Oui, il y a des gens qui n'aiment pas Noël et leur syndrome porte même un nom : la natalophobie.

La rédaction en ligne
Noël, je t'aime moi non plus
©Flickr - Stéfan

À la veille d'une fête traditionnellement associée à l’amour, la famille et l'espoir, certains connaissent l'angoisse à l'idée de se forcer à sourire au moment de recevoir leurs cadeaux, de se réunir autour d'une tablée en compagnie de leurs tontons et leurs tatas et d'enfin risquer l'indigestion, tout continuant de faire bonne figure. Oui, il y a des gens qui n'aiment pas Noël et leur syndrome porte même un nom : la natalophobie.

Parmi les natalophobes, le journaliste, Jérémy Collado, détaille, dans les colonnes de Slate, les facteurs psychologiques qui le poussent à crier au secours à l'approche du 25 décembre : "Cette fête, en réalité, pour ceux qui s'y adonnent encore joyeusement, c'est avant tout l'injonction sociale poussée à l'extrême. L'obligation de jouer un rôle, de mettre un masque qui plaît à ceux avec lesquels on passera la soirée, que l'on soit cinq ou que l'on soit trente, peu importe."

Si ce jeune journaliste monte en épingle la fête de Noël comme un sommet de l'hypocrisie, il continue sa démonstration en reprenant des propos de la psychothérapeute Nicole Prieur : "On peut toujours essayer de montrer qui on est. Le problème est que chaque membre de la famille nous regarde à travers ses propres projections, ses propres attentes, et que l'on se trouve au croisement de tous ces regards, quelque fois opposés. Donc même si on est 'le bon fils de sa mère', on risque de ne pas être le bon fils de son père, le bon frère de sa sœur, le bon neveu de sa tante. Dans une famille, les attentes sont complexes, contradictoires, inconscientes, lourdes, ce qui fait qu'on ne pourra jamais ni satisfaire tout le monde ni être reconnu totalement pour ce qu'on est."

En résumé, on ne pourra jamais dire à l'oncle Claude que ses blagues n'ont pas changé depuis l'année dernière, ni à la tante Georgette qu'elle vous agace avec ses questions insistantes sur votre vie amoureuse.

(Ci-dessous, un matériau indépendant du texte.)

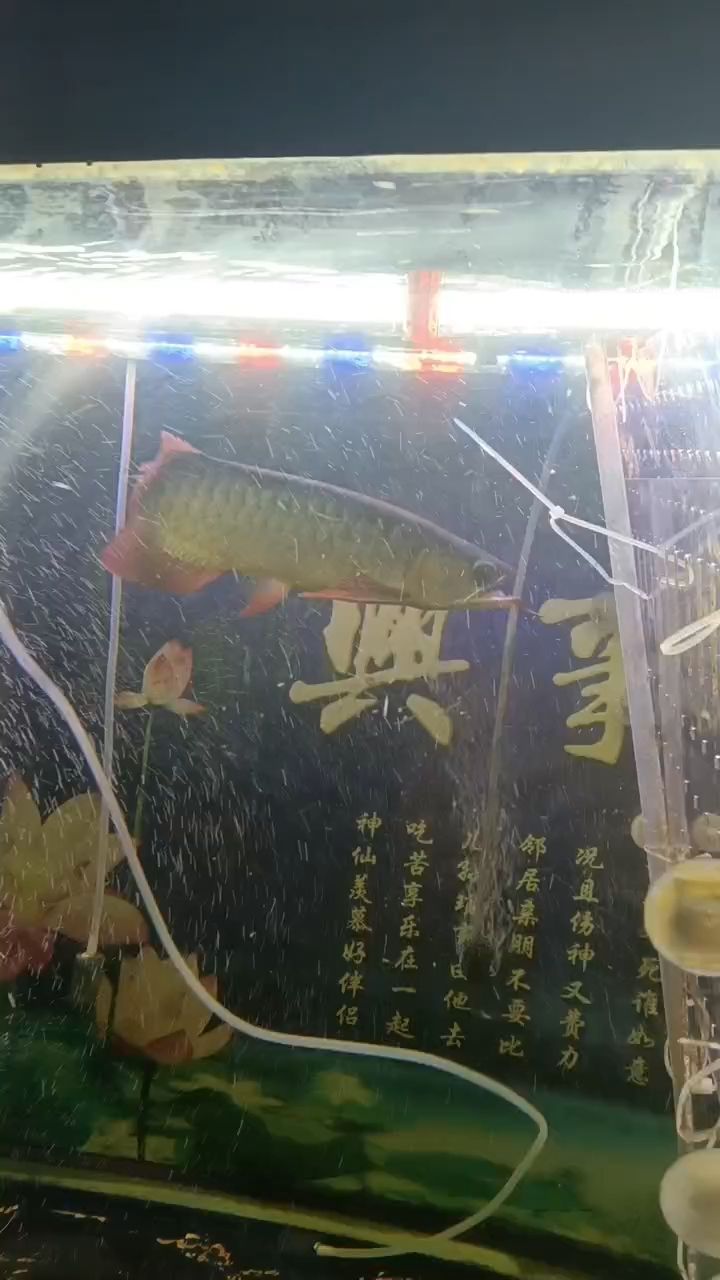 龍魚嘴巴合不上，怎么辦？【龍魚嘴巴合不上，小伙不帥_人見人愛評(píng)論：66】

L'enfer, c'est les autres, disait Sartre...

Et quand bien-même, vous éviteriez d'assister aux réunions familiales, la porte cloîtrée et le téléphone coupé, il vous resterait à affronter l'insupportable, comme l'expliquait un journaliste de L'Avenir dans une chronique l'année passée : "une soirée télé à mourir d’ennui". "Les Minions", "Harry Potter", "Les bronzés font du ski", "La grande vadrouille"... autant de films que les chaînes diffusent encore et encore, sans compter les bêtisiers de circonstance, les divertissements de Patrick Sébastien, voire d'Arthur, la messe de minuit et tous les concerts d’André Rieu.

Haut les coeurs

Mais, après tout, ne vaut-il pas mieux rester positif ? Même si vous êtes natalophobe, dites-vous que tout le monde n'a pas la chance d'avoir une famille aimante, le ventre rempli et des cadeaux qui s'amassent au pied du sapin ; endossez votre plus beau sourire et faites la bise à tout le monde, même à Tata Simone. Profitez de la soirée, le printemps n'est plus si loin.